With just three races of the 2021 F1 season to go, the stage of the season is upon us where everyone and anyone appears to be looking for an edge. However, in this digital age we also live in a time where everyone is a judge and eager to share an opinion online. The hot topic of the past week is that the FIA race stewards are having too great a role in decisions. As such, F1's Race Director Michael Masi has been quoted by motorsport.com denying any Red Bull Racing favouritism in the wake of the punishment handed to Mercedes-AMG Petronas Formula One Team for their rear wing infraction.
The incident that more than likely sparked Formula One Race Director Michael Masi having to make his statement, was Toto Wolff’s response to one of the race stewards’ decision during the course of the Sao Paulo Grand Prix.
Having been the Speed King on Friday in Brazil and set to start the third sprint of the F1 season in first place, Sir Lewis Hamilton was stripped of the position and sent to the back of the grid. The reason, as has been well publicised by now, was due to the fact Hamilton’s DRS on his W12 failed the post-session inspection by the FIA. Having failed the test 4 times, the verdict was a P20 start for the Sprint and the response from Mercedes’ boss Toto Wolff was that the decision was "harsh".
There was no doubting the fact that the rear wing was not legal. However, there had been precedent set that, in the past, teams received permission to make repairs to broken car components in parc ferme if the issues could trigger an investigation. Already In previous races, Mercedes’ closest rivals, Red Bull Racing, had been allowed to make repairs to its rear wing in the previous races in USA and Mexico. Now, such an option was not offered to Mercedes hence the claim of an FIA favouritism.
The race stewards' decision in Brazil left Wolff stating "sometimes there was a commonsense buffer that didn't exist yesterday or today." Michael Masi countered this making clear that there isn't any inconsistency in how the FIA operates.
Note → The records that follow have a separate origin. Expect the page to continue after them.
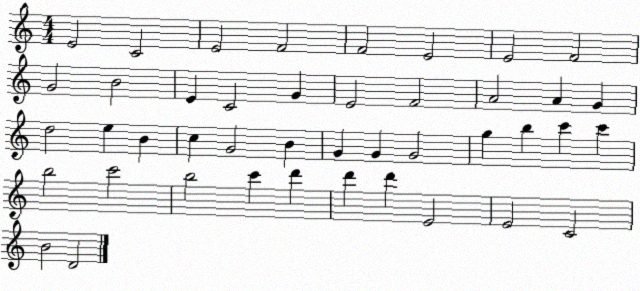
X:1
T:Untitled
M:4/4
L:1/4
K:C
E2 C2 E2 F2 F2 E2 E2 F2 G2 B2 E C2 G E2 F2 A2 A G d2 e B c G2 B G G G2 g b c' c' b2 c'2 b2 c' d' d' d' E2 E2 C2 B2 D2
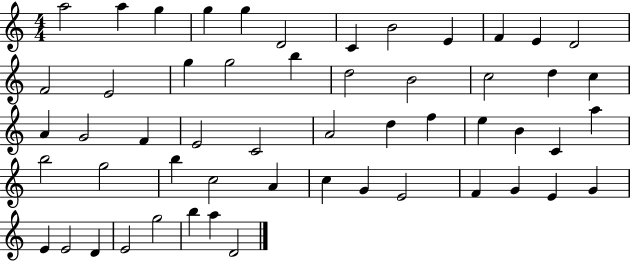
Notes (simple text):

A5/h A5/q G5/q G5/q G5/q D4/h C4/q B4/h E4/q F4/q E4/q D4/h F4/h E4/h G5/q G5/h B5/q D5/h B4/h C5/h D5/q C5/q A4/q G4/h F4/q E4/h C4/h A4/h D5/q F5/q E5/q B4/q C4/q A5/q B5/h G5/h B5/q C5/h A4/q C5/q G4/q E4/h F4/q G4/q E4/q G4/q E4/q E4/h D4/q E4/h G5/h B5/q A5/q D4/h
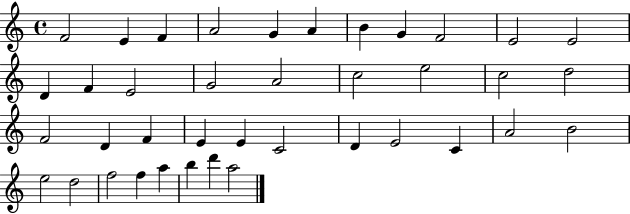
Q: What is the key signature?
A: C major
"All the reports that Jo [Bauer] sends out as our technical delegate, prior to the race, clearly explain either repairs or replacements that can happen under parc ferme conditions," said Masi. "And that's clearly listed for everyone to read. So, from that perspective, yes, we have regular requests, at a sprint qualifying weekend it's obviously even more because of when parc ferme starts.
"So, from our perspective, we treat every single request equally, consistently, look at every single one. The thing is, if we see that something is let's call it systematic with the team over a number of events, then we ask them to make permanent modifications to that part. So, there's a whole lot of things that go into it. So no, I don't think there's any inconsistency at all."
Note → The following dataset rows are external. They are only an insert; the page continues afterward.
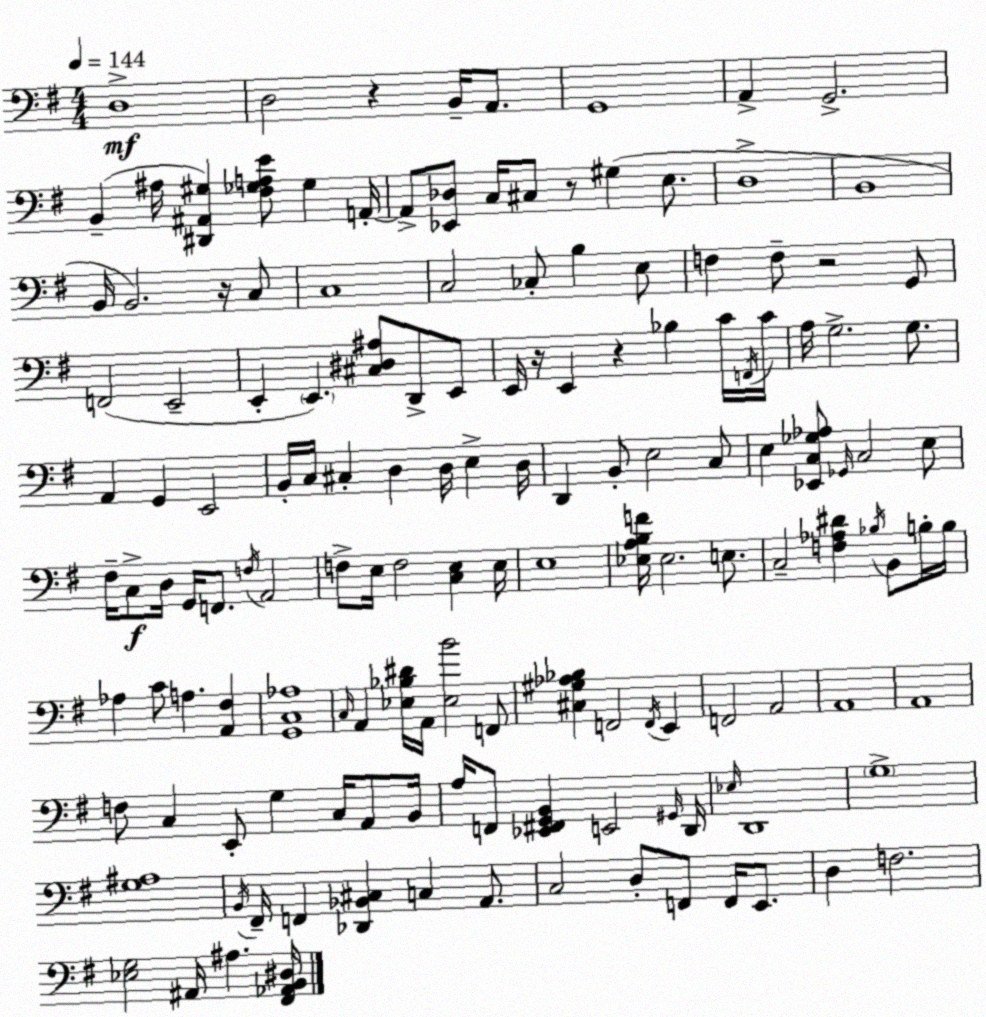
X:1
T:Untitled
M:4/4
L:1/4
K:Em
D,4 D,2 z B,,/4 A,,/2 G,,4 A,, G,,2 B,, ^A,/4 [^D,,^A,,^G,] [^F,_G,A,E]/2 _G, A,,/4 A,,/2 [_E,,_D,]/2 C,/4 ^C,/2 z/2 ^G, E,/2 D,4 B,,4 B,,/4 B,,2 z/4 C,/2 C,4 C,2 _C,/2 B, E,/2 F, F,/2 z2 G,,/2 F,,2 E,,2 E,, E,, [^C,^D,^A,]/2 D,,/2 E,,/2 E,,/4 z/4 E,, z _B, C/4 F,,/4 C/4 A,/4 G,2 G,/2 A,, G,, E,,2 B,,/4 C,/4 ^C, D, D,/4 E, D,/4 D,, B,,/2 E,2 C,/2 E, [_E,,C,_G,_A,]/2 _G,,/4 C,2 E,/2 ^F,/4 C,/2 D,/4 G,,/4 F,,/2 F,/4 A,,2 F,/2 E,/4 F,2 [C,E,] E,/4 E,4 [_E,A,B,F]/4 _E,2 E,/2 C,2 [F,_A,^D] _B,/4 B,,/2 B,/4 B,/4 _A, C/2 A, [A,,^F,] [G,,C,_A,]4 C,/4 A,, [_E,_B,^D]/4 A,,/4 [_E,B]2 F,,/2 [^C,^G,_A,_B,] F,,2 F,,/4 E,, F,,2 A,,2 A,,4 A,,4 F,/2 C, E,,/2 G, C,/4 A,,/2 B,,/4 A,/4 F,,/2 [_E,,^F,,G,,B,,] E,,2 ^G,,/4 D,,/4 _E,/4 D,,4 G,4 [G,^A,]4 B,,/4 ^F,,/4 F,, [_D,,_B,,^C,] C, A,,/2 C,2 D,/2 F,,/2 F,,/4 E,,/2 D, F,2 [_E,G,]2 ^A,,/4 ^A, [^F,,_A,,B,,^D,]/4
Since these comments were made, Mercedes have requested a review into the Turn 4 incident between Max Verstappen and Lewis Hamilton at Interlagos. This incident has split opinion on whether or not Verstappen should have been penalized. As Lewis Hamilton attempted a pass around the outside of the current leader of the F1 Drivers’ Championship, with the Mercedes appearing to be almost fully ahead at Turn 4, Verstappen braked late to re-take the inside line and in doing so ran Hamilton off track. Mercedes have not moved on from this despite their talismanic racer still managing to win Sunday’s Grand Prix - hence the request for review.
Prior to this, Michael Masi had stated that Mercedes and Red Bull, including their drivers, are doing "anything and everything" in the heat of battle and now we will see if a penalty is retrospectively handed to Verstappen for his part in the controversial block. Although, the Dutchman did receive a black and white warning flag for excessive weaving in front of his rival, shortly after this and before the inevitable race-winning overtake by Lewis Hamilton.
"It's battle for the lead of the race, a very tight and intense battle for the world championship," said Masi, as quoted by motorsport.com "And I think everything that we've seen over this weekend between the two teams just adds into that mix. Once you have an intense championship battle you've got both drivers and teams, they will absolutely try and do anything and everything possible from their perspective to win, and understandably so."
The teams may be changing approaches race by race as best they can but - Masi insists the FIA is not:
"Every competitor, every driver, is treated equally and fairly at all times. Obviously, if you're on the receiving end of a penalty, I think everyone feels unfairly treated. So that's part of being in the role that we are."
The story of Sunday’s Sao Paulo Grand Prix is not yet finished but with another Grand Prix in matter of days in Qatar, there is a risk of the events off track overshadowing those that are on it. Momentum is a powerful variable in sport but every neutral race fan must surely hope that the title is decided on track rather than in a stewards’ office. The simple solution is for everyone to abide by the rules – the FIA certainly intend to, no matter what anyone may say to the contrary.